Your a good man Al thats why they made you boss... can`t wait .. always a great shoot and the food is to kill for..


----------



## JDoupe (Dec 9, 2006)

TTT

For a good time, call Al!!!!! No really....call him!


----------



## crk (Jul 12, 2005)

Did Al just get pimped out?Sorry guys the door was left open for that one lol.


----------



## #1 big archer (Mar 21, 2008)

*Yep*

:shade:Yes I guess I just got pimped out.... That's just what happens when you do a good job!!! and strive to make it better every year... Now only if I could just do the same with the outdoor shoots that would be great...


----------



## BowWhisper (Mar 2, 2010)

Al ru outdoor shoots run very smooth just keep up the good work and we will always see good things coming out from the turn out u have at ur club.


----------



## #1 big archer (Mar 21, 2008)

Thanks!!! For those kind words and you can put money on it that I always try my best with the help that I get to make things go smooth


----------



## CLASSICHUNTER (May 20, 2005)

ttt for a great shoot 4 I know of going from ottawa


----------



## CLASSICHUNTER (May 20, 2005)

ttt this weekend guys can`t wait..


----------



## crk (Jul 12, 2005)

Yep!


----------



## Mr.LIFETIME (Apr 12, 2006)

*Bows have arrived*

Hi everyone

Well its another year and the 7th March Madness is upon us, and this year its a bit different. As most of you already know, APA Archery is proud to be the tournament's major sponsor, and to start it all off will be giving away two brand new compound bows as door prizes.
Normally no one ever gets a chance to drive away with a brand new car as a prize from this archery tournament, but this year a lucky participant will be diving away with a brand new APA compound bow.
The bows have just arrived at the shop and are pictured below.
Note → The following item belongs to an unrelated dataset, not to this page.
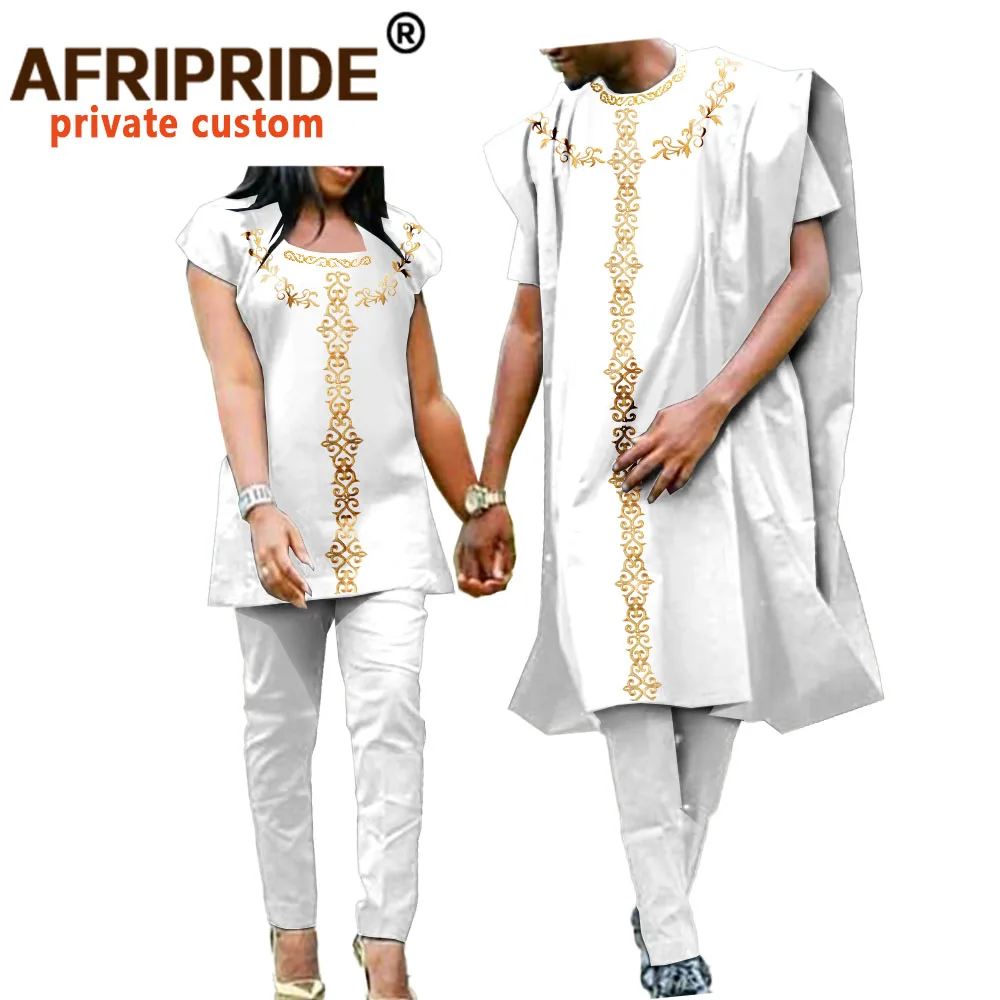 Afrikanske Tøj til Kvinder og Mænd, Par Tøj Dashiki Frakker Skjorte og Bukser, 3, Stykke for Mænd 2, Stykke for Kvinder Bryllup A20C007 2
Other door prizes will be given away by Lifetime Sports who is also a co-sponsor for the event. And as an added bonus, looks like the weather forecast for Friday, Saturday and Sunday should be great, (looks like Mr. Spring is sticking is nose out a little, finally.) 
As usual, we can probably expect something new and exciting from Big All, and everyone will have a great time. We wish everyone coming from out of town a nice safe trip.

See you all on Saturday.
Roger


----------



## cody12 (Dec 7, 2004)

Looking forward to Saturday and two new bows going for prizes WOW should be a hoot :hello2:


----------



## ontario moose (Aug 8, 2003)

I wish I could go, to many things on the go.. I loved this shoot last year.. meeting up with old friends again and meeting new ones.

Gilles


----------



## Mr.LIFETIME (Apr 12, 2006)

ontario moose said:


> I wish I could go, to many things on the go.. I loved this shoot last year.. meeting up with old friends again and meeting new ones.
> 
> Gilles


Sorry you wont be here this year Gilles, maybe next year.

Roger


----------



## #1 big archer (Mar 21, 2008)

:shade:What a great turnout for setup! Thank you everyone who showed up. We finished in record time ...I still can't believe that I was home by 9:30pm. Can't wait to see everyone tomorrow. Hope the out-of-towners have a safe trip and that everyone brings their A-game...it's going to be challenging


----------



## BowWhisper (Mar 2, 2010)

Great shoot once again big al u most certainly make it worth the drive from midland to the north country to shoot a smoking course well played my good sir looking foward to the moose shoot this year.


----------



## #1 big archer (Mar 21, 2008)

*Thank you*

Thank you and you are all welcome to come back next year. 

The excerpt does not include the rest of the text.